I am totally Team Amy,
Or TeAmy if we are preserving digit …
My Function and I are quite friendly and compatible with one another,
Which is a good thing considering we are like stuck with one another and all.
The timing of this is not to convey some veiled message to a hypothetical admirer to have patience with me,
That I will come around.
I will not come around. This is
This is krafted solely in case others at some point in journey are setting similar variables for themselves,
Going through a decision making process,
And to toss out the thought that maybe,
When it comes to this particular variable,
They consider tweaking it a tad.
And making it a bit less absolute.
I’m perfectly fine with how my variable setting is working out.
I often wonder how things have been be-ing with you. (Long time reader). It seems your “Wit” is still very much in tact, so I’d deem (if anyone gave a damn about my opinion) this mission to have been a success!!
Knowingly or not, you helped me quite a bit back in the day, thank you for that.
Regarding this post.
I’m glad you and your “function” are happily co-existing. My function and I are not really, I still hate my “function” as much as I ever have, however, I do not give it all the power over my life that it once possessed (just most of it).
Doubts are very difficult to manage, and they seem constant, however how do we know we’re truly alive if we never get to feel hurt or pain?
I am fortunate to have a man who I DO believe loves me (most of the time) and as sad as this may sound to some people, it is the biggest thing in my life.

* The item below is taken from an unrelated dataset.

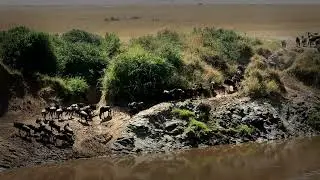 The Zebra-Wildebeest Alliance: Unlocking the Secrets of a Savanna Supergroup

I believe my situation is harder for me than it is for him.
I’m no-one and nothing to you, so you can do as you will with my comment, but I think it would be very sad to go through all that you have and never open yourself to even the possibility someone might want you.
I’ve never even met you and I can already see something that people do find attractive.
If you’d ever like a chat feel free to look me up.
Hey girl ! Interesting point about a “don’t want to get hurt” component to consider. I don’t think that it is so much of a contributing factor to my behavior that it would prevent me from involvement in a future commitment activity if I ever could get myself over the other barriers bouncing around in my head, but I do think it would probably keep me being super, extra cautious. Thanks for making me think !
And thanks for the shout out ! I appreciate it ! If I don’t have your email, please shoot it to me. Be peachy !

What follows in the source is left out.